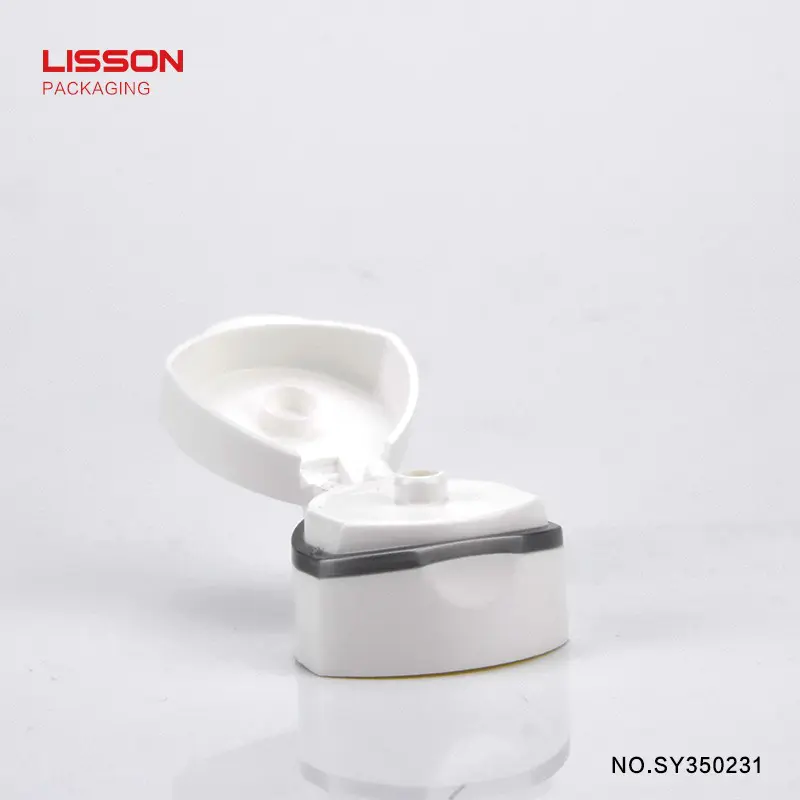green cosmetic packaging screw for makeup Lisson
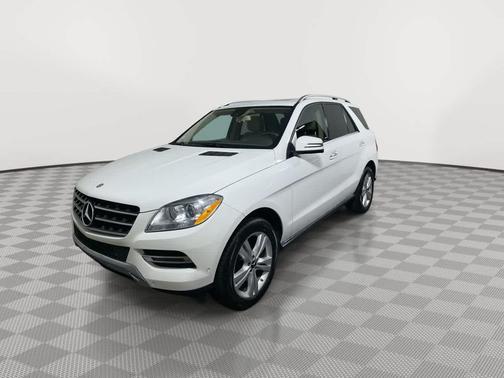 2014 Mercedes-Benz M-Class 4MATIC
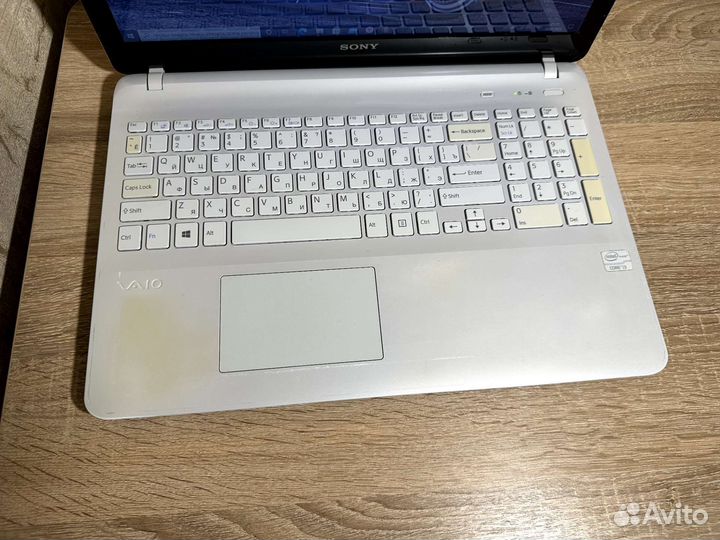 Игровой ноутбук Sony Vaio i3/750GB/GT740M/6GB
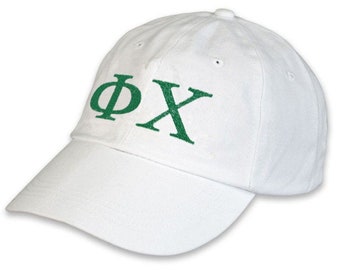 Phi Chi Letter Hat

• _Your assignment_
The copy should match each line above exactly and contain no images.

• _Response_
green cosmetic packaging screw for makeup Lisson
 2014 Mercedes-Benz M-Class 4MATIC
 Игровой ноутбук Sony Vaio i3/750GB/GT740M/6GB
 Phi Chi Letter Hat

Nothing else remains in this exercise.